Text: Joshua 24:2
OT Text Referred to: Genesis 11:27-32
Subject: Abraham's Pagan Origins Beyond the Euphrates
Source: Treasury of Scripture Knowledge
Reference Type: Allusion
Connection Method(s): Redemptive-Historical Progression
Significance: Genesis 11:27-32 records the toledot of Terah, naming him as the father of Abram, Nahor, and Haran, and narrating the family's departure from Ur of the Chaldeans. Joshua 24:2 alludes to this account when Joshua declares at Shechem, "Long ago your fathers, including Terah the father of Abraham and Nahor, lived beyond the Euphrates and worshiped other gods" -- a detail not explicitly stated in Genesis but revealed here as interpretive tradition.
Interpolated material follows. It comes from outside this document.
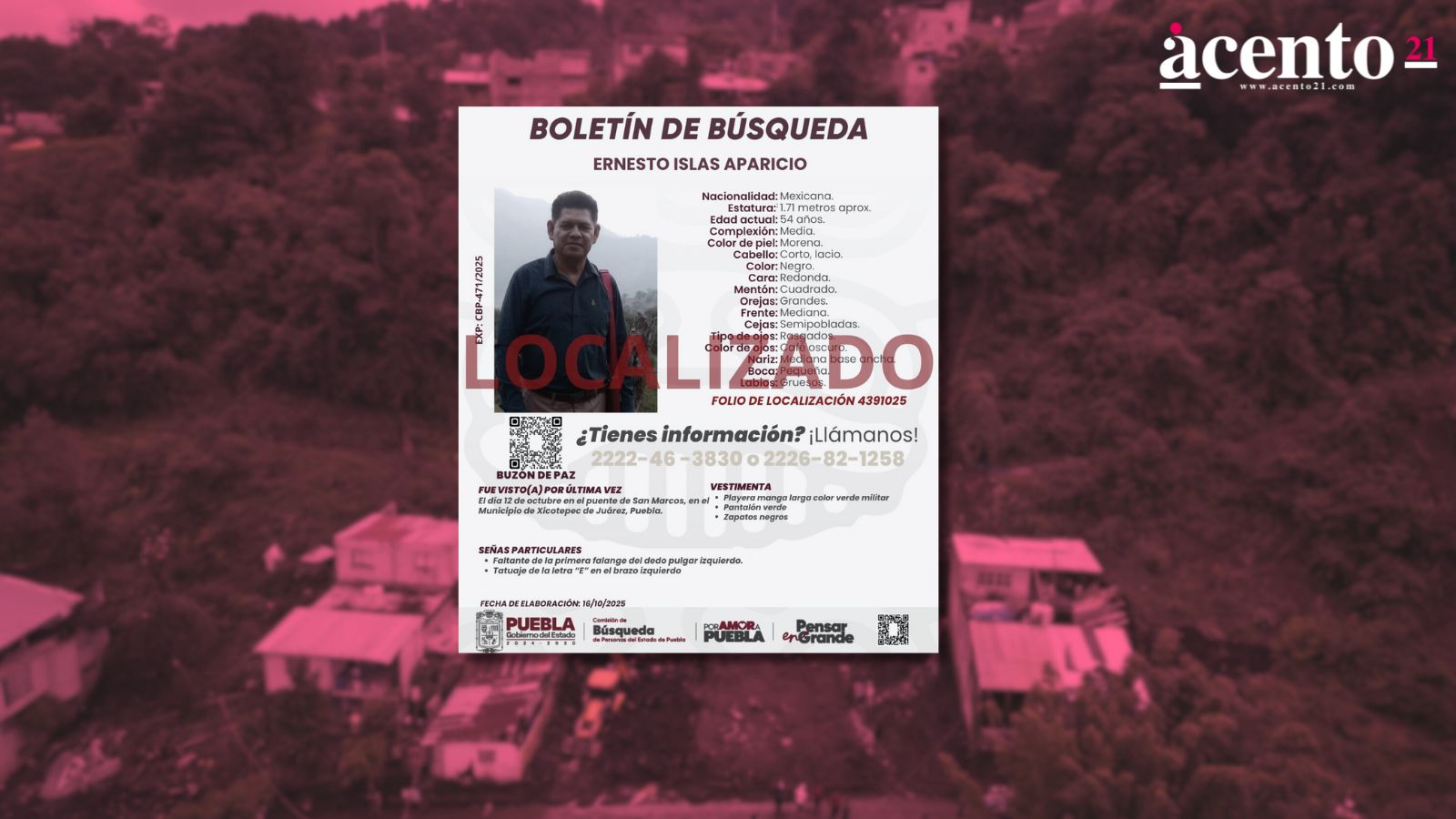 Localizan sin vida a Ernesto Islas en Tlacuilotepec; Suman 21 fallecidos en Sierra Norte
The phrase עֵבֶר הַנָּהָר (ever hannahar, "beyond the River") in Joshua locates the patriarchal origins in Mesopotamia, and the disclosure that Terah's family "worshiped other gods" (אֱלֹהִים אֲחֵרִים) adds theological depth to the Genesis narrative by underscoring that God's call of Abraham was an act of pure sovereign grace, extracting him from idolatry. Joshua's retrospective thus transforms the bare genealogical data of Genesis 11 into a covenant-renewal argument: the God who took Abraham from pagan darkness now calls Israel to exclusive loyalty.